The Babies

“What happened?” asked the congressman’s wife.

“Something’s wrong with the monitor panel. I’m sure it’s nothing to worry about. They’ll have it fixed soon,” he soothed.

“Senator?”, the technician called, “There’s no air coming in from any of the shafts except No. 9.”

“What’s going on?” demanded the President.

“Sir, it looks like we have a real problem. Here’s what we know. Most of the air intakes have been blocked by something outside – maybe something’s fallen on them. And the water is down to a trickle.” The Greenbrier shelter staff had prepared for any such inevitability, had contingency plans for everything, had in fact, books and plans for any conceivable problem, but one.

Bobby.

Bobby was hard at work outside. Not the Communists, Trotskyites, neo-anythings, but Bobby, all by himself.

Bobby had been a low level worker only marginally involved in the subterfuge Congress had allowed to make sure that they would have a shelter to go to in the event of a missile exchange, and Bobby had thought it unfair that Congress, who got us into this mess, should live and he should die.

Bobby was out there sealing off the air intakes, had found the well bore with monitoring instruments for the water intake and poured a couple of bags of concrete down the hole, knew where the fiber and microwave communications links were and cut them.

“It’s like this,” the staff continued, “There’s not enough air coming in to keep the generators going. We can’t have lights and power like this much longer – there’s not enough air.”

The staff did the best they could. All the generators were shut down but one, no power consumption of any kind was allowed but for a single lamp in some rooms. All one thousand two hundred and fifty government leaders and two hundred and fifty shelter staff were reduced to waiting in the gloom, activity came to a halt, nothing to do but wait.

Wait for what? The prospects weren’t good. No water to speak of, little air, no heat, no ventilation, no communication with the outside.

Life in the shelter had become Hell, worse that anything imaginable. The air was fetid, and people were beginning to die. There was no way to dispose of waste, nothing to do with dead people but pile the bodies up in the furthest reach of the furthest passage. Ventilation fans didn’t work, and the only air coming in was from shaft No. 9, and that went directly into a small pantry area that had been used for freeze-dried food storage, useless now because there was no water for re-hydration. There was no way to cook, anyway.

The frozen food thawed and went bad, the canned goods consumed. The original one thousand five hundred souls rapidly declined to about five hundred, the strongest and youngest and most resilient.

Civilization broke down.

It was every man for himself. A gang of the strongest men formed, and systematically began killing off all the other men to reduce the consumption of air that still got in, and the slight trickle of water.

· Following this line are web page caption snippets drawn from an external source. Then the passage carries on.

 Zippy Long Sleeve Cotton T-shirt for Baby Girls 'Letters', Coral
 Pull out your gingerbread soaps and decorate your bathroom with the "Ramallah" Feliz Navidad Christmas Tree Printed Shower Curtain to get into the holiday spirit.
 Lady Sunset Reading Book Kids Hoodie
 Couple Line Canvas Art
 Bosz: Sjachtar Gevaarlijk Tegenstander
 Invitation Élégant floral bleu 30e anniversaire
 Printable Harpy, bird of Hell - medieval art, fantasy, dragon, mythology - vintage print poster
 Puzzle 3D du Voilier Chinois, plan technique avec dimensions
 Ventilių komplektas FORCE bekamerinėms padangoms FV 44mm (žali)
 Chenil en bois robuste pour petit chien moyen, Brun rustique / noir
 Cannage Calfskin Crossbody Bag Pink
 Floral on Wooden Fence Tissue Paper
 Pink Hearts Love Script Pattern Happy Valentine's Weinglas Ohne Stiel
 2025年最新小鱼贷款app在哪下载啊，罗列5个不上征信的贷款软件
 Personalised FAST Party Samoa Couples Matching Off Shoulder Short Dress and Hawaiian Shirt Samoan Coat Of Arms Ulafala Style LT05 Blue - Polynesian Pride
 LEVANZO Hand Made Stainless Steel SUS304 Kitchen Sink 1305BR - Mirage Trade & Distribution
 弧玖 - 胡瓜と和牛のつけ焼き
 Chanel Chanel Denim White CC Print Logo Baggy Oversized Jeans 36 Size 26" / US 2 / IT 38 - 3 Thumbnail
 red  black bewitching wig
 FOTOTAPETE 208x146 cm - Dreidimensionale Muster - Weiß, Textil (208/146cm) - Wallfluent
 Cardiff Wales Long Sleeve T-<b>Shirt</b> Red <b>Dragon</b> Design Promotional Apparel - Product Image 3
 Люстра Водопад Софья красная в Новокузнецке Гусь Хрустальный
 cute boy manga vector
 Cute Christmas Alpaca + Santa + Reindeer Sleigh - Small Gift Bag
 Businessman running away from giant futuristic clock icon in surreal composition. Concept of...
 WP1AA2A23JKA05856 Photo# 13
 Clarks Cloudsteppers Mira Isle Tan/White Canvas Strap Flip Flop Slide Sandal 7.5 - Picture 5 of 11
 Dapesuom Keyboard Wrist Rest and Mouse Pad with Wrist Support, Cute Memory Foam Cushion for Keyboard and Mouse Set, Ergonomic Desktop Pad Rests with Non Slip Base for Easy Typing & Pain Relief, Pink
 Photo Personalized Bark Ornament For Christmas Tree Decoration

“We’ve got to get out of here,” had been a constant wish, but earlier it had been thought too risky to try to open the doors. Later, when things had become really bad, and people began to die, did they decide death inside was certain, they would take their chances outside.

The doors to the outside wouldn’t open. Bobby had taken care of that, and the secret escape tunnel was caved in, too. Bobby, again.

Wherever men and women congregate, babies are sure to follow, and even in this desperate affair, pregnant women delivered on schedule, and there were twenty four children conceived and born in the shelter.

The strongest survived, the weakest fell away. The survivors eyed one another. Nothing to eat, no way to cook. All the food was gone, and the decision was made.

“OK, let’s eat the babies.”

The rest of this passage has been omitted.